An evolutionary algorithm is a stochastic search based optimization technique. It is a population based method, where the optimization starts with a population of random solutions (individuals or genotypes). Each individual is assigned a fitness score based on how well they perform in the task at hand. Based on this fitness, a fraction of the best performing individuals are retained for the next iteration (generation). a new population of solutions is then created for the next generation with these 'elite' individuals and copies of them that have been subjected to mutation noise. This process is repeated either for a fixed number of generations, or until a desired fitness value is reached by the best individual in the population. In a non-stochastic system, this procedure will cause the fitness to be non-decreasing over generations. For those familiar with hill climbing, this approach can be seen as multiple hill climbers searching in parallel, where the number of hill climbers would be given by the elitist fraction of the population that are retained generation after generation. This same implementation can be used to perform hill-climbing if the elitist fraction is set such that elitist_fraction*population_size = 1.

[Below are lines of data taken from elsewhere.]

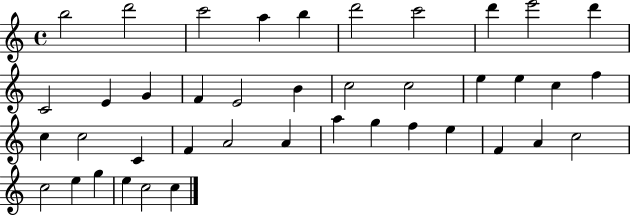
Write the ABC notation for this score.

X:1
T:Untitled
M:4/4
L:1/4
K:C
b2 d'2 c'2 a b d'2 c'2 d' e'2 d' C2 E G F E2 B c2 c2 e e c f c c2 C F A2 A a g f e F A c2 c2 e g e c2 c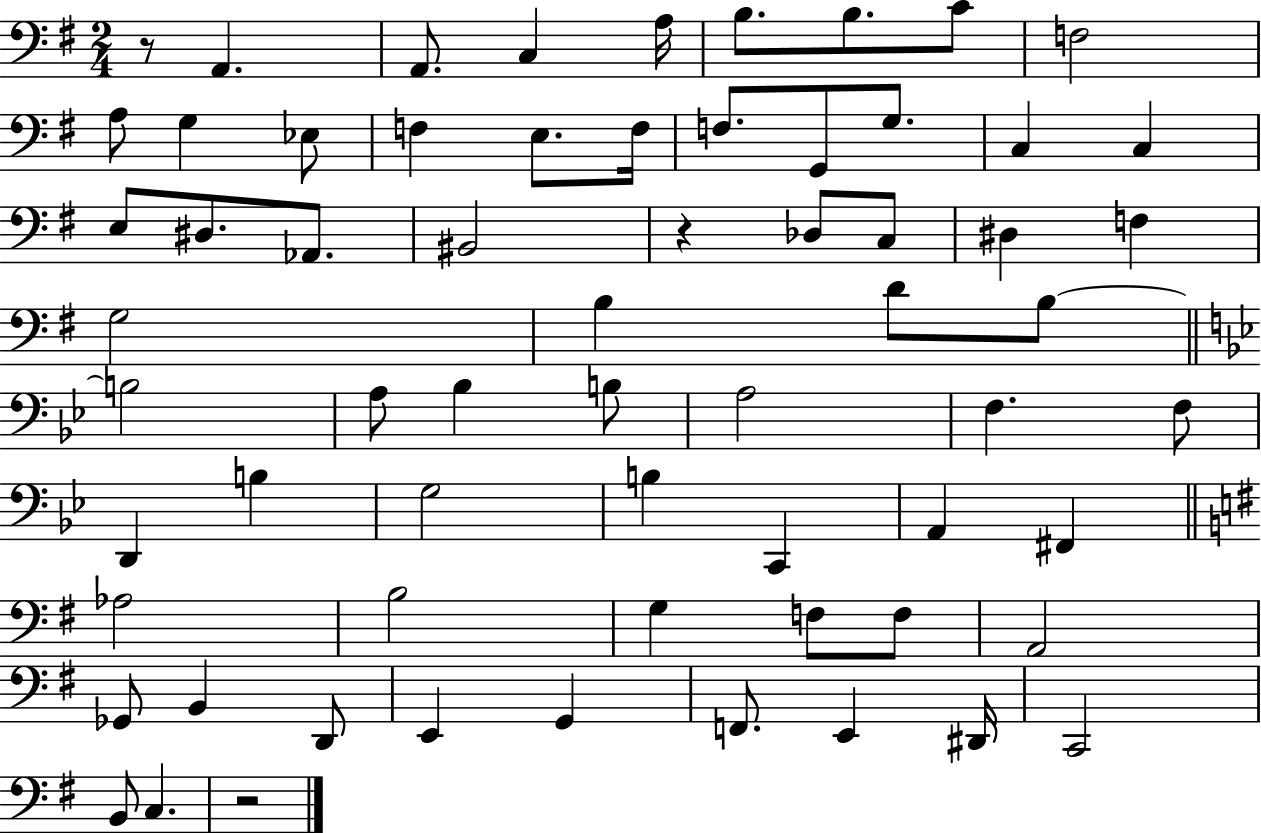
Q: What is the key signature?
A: G major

This Python stochastic search package, stochsearch, includes an implementation of evolutionary algorithms in a class called EvolSearch using the Python multiprocessing framework. Fitness evaluation of individuals in a population is carried out in parallel across CPUs in a multiprocessing.pool.Pool with the number of processes defined by the user or by os.cpu_count() of the system. This package can be imported as follows "from stochsearch import EvolSearch".
$ pip install stochsearch
Requirements: numpy
In order to use this package
from stochsearch import EvolSearch
evol_params = {
'num_processes' : 4, # (optional) number of proccesses for multiprocessing.Pool
'pop_size' : 100, # population size
'genotype_size': 10, # dimensionality of solution
'fitness_function': fitness_function, # custom function defined to evaluate fitness of a solution
'elitist_fraction': 0.04, # fraction of population retained as is between generations
'mutation_variance': 0.05 # mutation noise added to offspring.
}
Define a function that takes a genotype as argument and returns the fitness value for that genotype - passed as the 'fitness_function' key in the evol_params dictionary.
es = EvolSearch(evol_params)
Option 1: Run the search for a certain number of generations
num_gens = 100
es.execute_search(num_gens)
Option 2: Step through the generations based on a condition
max_num_gens = 100
gen = 0
desired_fitness = 0.9
while es.get_best_individual_fitness() < desired_fitness and gen < max_num_gens:
print('Gen #'+str(gen)+' Best Fitness = '+str(es.get_best_individual_fitness()))
es.step_generation()
gen += 1
print('Max fitness of population = ',es.get_best_individual_fitness())
print('Best individual in population = ',es.get_best_individual())
See demos folder for a sample program.